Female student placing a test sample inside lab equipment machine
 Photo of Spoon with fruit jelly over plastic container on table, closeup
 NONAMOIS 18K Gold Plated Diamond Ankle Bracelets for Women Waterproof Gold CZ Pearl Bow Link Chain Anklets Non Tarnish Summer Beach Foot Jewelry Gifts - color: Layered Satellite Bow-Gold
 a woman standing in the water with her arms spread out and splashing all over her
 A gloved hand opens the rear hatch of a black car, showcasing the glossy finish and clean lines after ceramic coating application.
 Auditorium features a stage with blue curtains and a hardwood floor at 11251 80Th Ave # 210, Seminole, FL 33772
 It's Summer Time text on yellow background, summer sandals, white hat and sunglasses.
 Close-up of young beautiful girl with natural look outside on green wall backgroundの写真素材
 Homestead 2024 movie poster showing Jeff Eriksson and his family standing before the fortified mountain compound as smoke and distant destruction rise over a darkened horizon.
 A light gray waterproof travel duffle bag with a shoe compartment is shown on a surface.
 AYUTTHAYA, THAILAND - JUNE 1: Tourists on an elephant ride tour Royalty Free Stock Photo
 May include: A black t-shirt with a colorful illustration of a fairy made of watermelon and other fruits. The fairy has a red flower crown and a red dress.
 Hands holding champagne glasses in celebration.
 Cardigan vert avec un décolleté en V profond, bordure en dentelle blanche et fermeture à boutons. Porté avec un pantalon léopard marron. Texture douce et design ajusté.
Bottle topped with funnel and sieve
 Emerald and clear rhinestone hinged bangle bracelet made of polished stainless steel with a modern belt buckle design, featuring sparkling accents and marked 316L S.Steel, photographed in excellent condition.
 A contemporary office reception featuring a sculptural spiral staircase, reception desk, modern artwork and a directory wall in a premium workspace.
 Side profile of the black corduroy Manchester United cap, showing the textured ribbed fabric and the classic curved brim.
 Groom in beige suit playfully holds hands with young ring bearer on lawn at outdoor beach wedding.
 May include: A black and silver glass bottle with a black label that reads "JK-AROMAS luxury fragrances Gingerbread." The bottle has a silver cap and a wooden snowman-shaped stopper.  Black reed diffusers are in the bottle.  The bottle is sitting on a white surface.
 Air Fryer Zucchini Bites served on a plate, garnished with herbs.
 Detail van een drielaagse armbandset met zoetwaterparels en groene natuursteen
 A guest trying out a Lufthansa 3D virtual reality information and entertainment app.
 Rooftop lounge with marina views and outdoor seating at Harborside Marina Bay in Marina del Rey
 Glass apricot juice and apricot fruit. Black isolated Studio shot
····················
Could you output every record above exactly as written?

Female student placing a test sample inside lab equipment machine
 Photo of Spoon with fruit jelly over plastic container on table, closeup
 NONAMOIS 18K Gold Plated Diamond Ankle Bracelets for Women Waterproof Gold CZ Pearl Bow Link Chain Anklets Non Tarnish Summer Beach Foot Jewelry Gifts - color: Layered Satellite Bow-Gold
 a woman standing in the water with her arms spread out and splashing all over her
 A gloved hand opens the rear hatch of a black car, showcasing the glossy finish and clean lines after ceramic coating application.
 Auditorium features a stage with blue curtains and a hardwood floor at 11251 80Th Ave # 210, Seminole, FL 33772
 It's Summer Time text on yellow background, summer sandals, white hat and sunglasses.
 Close-up of young beautiful girl with natural look outside on green wall backgroundの写真素材
 Homestead 2024 movie poster showing Jeff Eriksson and his family standing before the fortified mountain compound as smoke and distant destruction rise over a darkened horizon.
 A light gray waterproof travel duffle bag with a shoe compartment is shown on a surface.
 AYUTTHAYA, THAILAND - JUNE 1: Tourists on an elephant ride tour Royalty Free Stock Photo
 May include: A black t-shirt with a colorful illustration of a fairy made of watermelon and other fruits. The fairy has a red flower crown and a red dress.
 Hands holding champagne glasses in celebration.
 Cardigan vert avec un décolleté en V profond, bordure en dentelle blanche et fermeture à boutons. Porté avec un pantalon léopard marron. Texture douce et design ajusté.
Bottle topped with funnel and sieve
 Emerald and clear rhinestone hinged bangle bracelet made of polished stainless steel with a modern belt buckle design, featuring sparkling accents and marked 316L S.Steel, photographed in excellent condition.
 A contemporary office reception featuring a sculptural spiral staircase, reception desk, modern artwork and a directory wall in a premium workspace.
 Side profile of the black corduroy Manchester United cap, showing the textured ribbed fabric and the classic curved brim.
 Groom in beige suit playfully holds hands with young ring bearer on lawn at outdoor beach wedding.
 May include: A black and silver glass bottle with a black label that reads "JK-AROMAS luxury fragrances Gingerbread." The bottle has a silver cap and a wooden snowman-shaped stopper.  Black reed diffusers are in the bottle.  The bottle is sitting on a white surface.
 Air Fryer Zucchini Bites served on a plate, garnished with herbs.
 Detail van een drielaagse armbandset met zoetwaterparels en groene natuursteen
 A guest trying out a Lufthansa 3D virtual reality information and entertainment app.
 Rooftop lounge with marina views and outdoor seating at Harborside Marina Bay in Marina del Rey
 Glass apricot juice and apricot fruit. Black isolated Studio shot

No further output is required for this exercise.